On the top rested a large gold disk the size of a dinner plate. Setting it on my bed, I peeled off my shirt. It had taken a long time for me to adjust to wearing the Timucuan breastplate. Comfort-wise, it wasn’t any worse than a bulletproof vest. How it looked? I’d been convinced my mentor, Atofo, had just been messing with his apprentice, Flava Flav.
“Imagine if you were a pale skin,” he’d said in his trademark, dry tone. “People wouldn’t take you seriously.”
If I’m to believe what he said, the artifact will stop death himself reaching for my soul. If.

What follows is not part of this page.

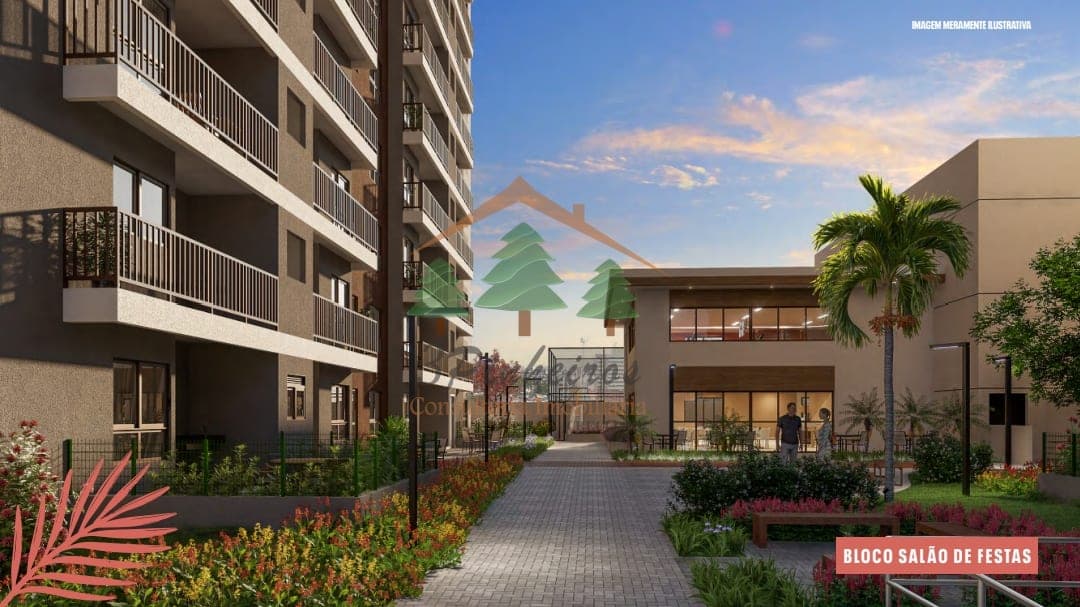 Apartamento à venda no Presidente Kennedy em Fortaleza-Ceará – fachada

Straps secured, the breastplate concealed well enough underneath my buttoned shirt. Next came the knife. His knife, as Atofo was so eager to remind me. The leather wrapped handle was decorated with owl feathers. He said he forged the blade from a Conquistador’s codpiece.
All Spaniards were ever good for was humping and smallpox, he says. No kidding. Atofo was quite the character.
But I’d learned a thing or two since then. Spanish armor of that period didn’t typically have codpieces, decorative or otherwise. Older than the cold-hammered copper the natives had access to, this knife wasn’t Spanish steel. But the blade predated Columbus’ arrival. Working for Kitterling had taught me that much.
Working with Atofo had given me a different education. I could sense the history of the blade, feel the impression left by the Two Spirits who’d forged it in a time long before anybody recorded such things. He knew I understood, but his knife story never changed.
This tool of the trade I used regularly. Mostly on myself. I’d had to stab a living beast once and hoped to never again. I’d felt the hunger of the blade with every thrust. The mysterious artifact had been starved, and the creature I killed wasn’t the chicken box it expected. The oddly scalloped surface glinted as I shoved it into my wrist sheath.
Next, I snatched my shoulder holster from Mutombo’s outstretched arm. I shrugged into the loops and adjusted my Sig Sauer P226 Emperor Scorpion. When I’d left the BPD, I’d found an even stranger world. Being armed both magically and conventionally wasn’t optional.
The bell rattled furiously three more times.
“Coming!” I shouted.
I put on a charcoal canvas jacket to cover my small arsenal. I buttoned my medicine bag into an inner pocket. I’d gone cheap and opted for a Crown Royal velvet pouch. Wasn’t so much the bag Atofo objected to but that I’d finished the contents without him.
Front door open, ready to jog down the steps, I froze. A raven darkened my stoop. His talons clutched the dried husk of corn I’d left the night before as a sort of spiritual welcome mat.
Gleaming, beady eyes considered me. He cawed, once, then took flight. With my offering.
“North,” I said, aloud. “He went north.”
Just my luck. Whatever Kitterling had in mind wasn’t going to be a normal job. Then again, I’d left normal behind on the streets of Baltimore where bodies stacked up like cordwood. When I’d thought the world couldn’t get any freakier. I’d been so wrong.